На следующее утро в чаше пенилась и шипела неприятного вида жёлтая жидкость.
Дафна полезла понюхать, чтобы выяснить, пахнет ли жидкость так же противно, как выглядит, но Кале осторожно и решительно потянула её обратно, изо всех сил мотая головой.
— Нельзя пить? — спросила Дафна.
— Пить нет!
Кале сняла чашу с полки и поставила посреди хижины. И плюнула в чашу. Столб чего-то вроде пара ударил в тростниковую крышу хижины, и бурлящая смесь в чаше зашипела ещё громче.
Да, подумала заворожённая и шокированная Дафна, это совсем не похоже на бабушкин послеобеденный херес.
И тут Кале запела. Какую-то весёленькую песенку: такие мелодии прицепляются намертво, даже если не знаешь слов. Мотивчик был прыгучий, и становилось ясно, что выкинуть песенку из головы не удастся. Даже зубилом выбить не получится.
Она пела пиву. И пиво слушало. Оно успокаивалось, как встревоженный пёс при звуках голоса хозяина. Шипение стихало, пузыри лопались, а гнусная мутная жидкость светлела.
Кале продолжала петь, отбивая ритм обеими руками. Но руки не просто отбивали ритм: они рисовали в воздухе фигуры, следуя за мелодией. В песне, заклинающей пиво, было множество мелких куплетов, за которыми следовал один и тот же припев, так что Дафна стала подпевать и размахивать руками в такт. Она решила, что Кале
Странные маслянистые волны пошли по содержимому чаши, которое с каждым куплетом становилось прозрачнее. Кале внимательно смотрела на него, продолжая петь… а потом замолчала.
Чаша была полна жидкого алмаза. Пиво сверкало, как море. По нему прошла крошечная волна.
Кале зачерпнула пиво раковиной и предложила Дафне, вдохновляюще кивнув.
Ну что ж, отказаться было бы, как говорит бабушка, не комильфо. Не следует забывать о хороших манерах. Отказ может обидеть Кале, а это не годится.
Она попробовала. На вкус оно было как жидкое серебро, и у неё заслезились глаза.
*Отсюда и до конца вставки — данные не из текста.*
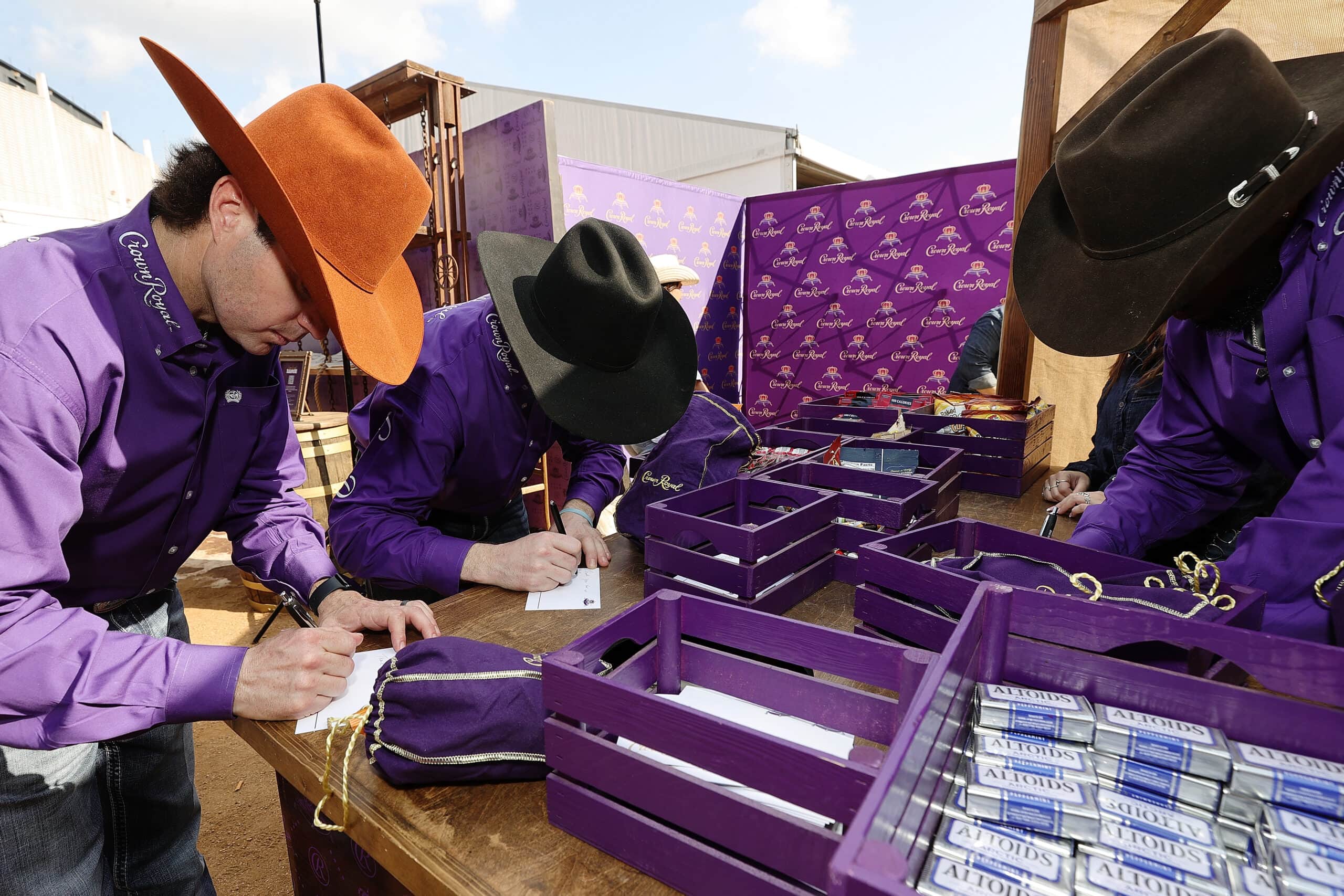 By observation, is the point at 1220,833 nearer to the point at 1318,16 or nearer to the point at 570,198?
the point at 1318,16

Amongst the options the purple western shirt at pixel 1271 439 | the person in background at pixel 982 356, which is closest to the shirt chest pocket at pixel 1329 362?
the purple western shirt at pixel 1271 439

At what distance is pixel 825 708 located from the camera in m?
0.78

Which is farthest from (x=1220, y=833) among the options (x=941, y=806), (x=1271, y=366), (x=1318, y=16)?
(x=1318, y=16)

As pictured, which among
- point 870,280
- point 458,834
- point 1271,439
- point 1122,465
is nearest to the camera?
point 458,834

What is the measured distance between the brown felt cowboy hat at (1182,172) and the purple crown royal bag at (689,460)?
2.70 ft

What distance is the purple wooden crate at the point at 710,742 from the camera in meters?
0.60

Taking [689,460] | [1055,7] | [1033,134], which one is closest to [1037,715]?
[689,460]

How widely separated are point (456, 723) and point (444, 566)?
2.63ft

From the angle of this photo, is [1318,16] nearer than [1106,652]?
No

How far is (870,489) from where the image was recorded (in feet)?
5.45

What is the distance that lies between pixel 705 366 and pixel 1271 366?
6.43 meters

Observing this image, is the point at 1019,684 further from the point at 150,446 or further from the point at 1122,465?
the point at 150,446

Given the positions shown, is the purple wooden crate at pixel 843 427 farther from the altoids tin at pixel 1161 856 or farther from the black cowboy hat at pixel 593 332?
the altoids tin at pixel 1161 856

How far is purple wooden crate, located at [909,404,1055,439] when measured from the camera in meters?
2.29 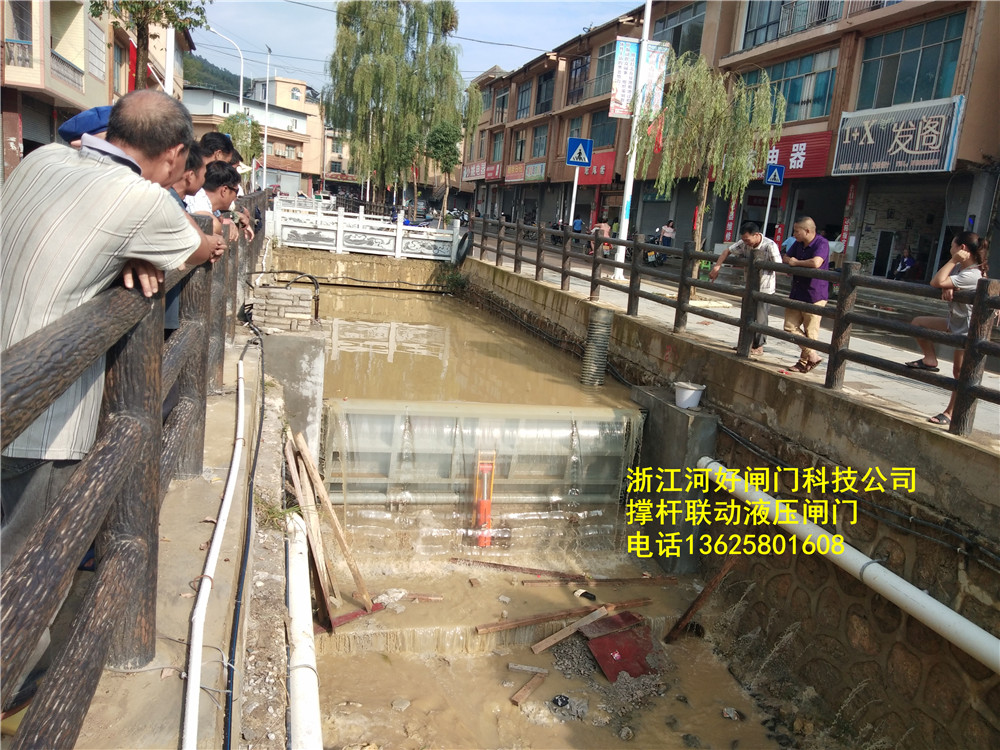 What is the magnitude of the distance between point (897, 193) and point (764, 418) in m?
15.0

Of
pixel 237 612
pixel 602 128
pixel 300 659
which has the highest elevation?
pixel 602 128

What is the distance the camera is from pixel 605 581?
6668mm

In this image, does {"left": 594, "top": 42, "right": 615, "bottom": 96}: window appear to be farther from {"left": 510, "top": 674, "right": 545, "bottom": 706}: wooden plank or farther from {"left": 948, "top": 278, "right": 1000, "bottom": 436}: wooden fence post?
{"left": 510, "top": 674, "right": 545, "bottom": 706}: wooden plank

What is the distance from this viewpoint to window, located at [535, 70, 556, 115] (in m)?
35.3

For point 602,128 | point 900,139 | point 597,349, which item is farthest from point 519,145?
point 597,349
— Для мущ! Мущин! — ухмыльнулась Кале. — Для когда слишком много мущ!
Она легла на спину и очень громко захрапела. Даже Безымянная Женщина улыбнулась.
«Я узнаю новое, — подумала Дафна. — Надеюсь, скоро я узнаю, что именно я узнала».
На следующий день она всё поняла. На языке, составленном из немногих слов и большого количества улыбок, кивков и жестов — некоторые жесты должны были бы шокировать Дафну, только здесь, на солнечном острове, такая реакция была совершенно неуместна, — Кале учила её всему, что нужно, чтобы заполучить мужа.
Дафна знала, что смеяться нельзя, и старалась не смеяться, но она никак не смогла бы объяснить Кале, что у неё есть другой способ найти мужа. Достаточно быть дочерью очень богатого отца, губернатора кучи островов. Кроме того, Дафна была совершенно не уверена, что вообще собирается замуж. У неё сложилось впечатление, что от мужей одни хлопоты. А что до детей, то, поучаствовав в рождении Путеводной Звезды, Дафна решила: если ей когда-нибудь вздумается завести детей, она найдёт где-нибудь готовых.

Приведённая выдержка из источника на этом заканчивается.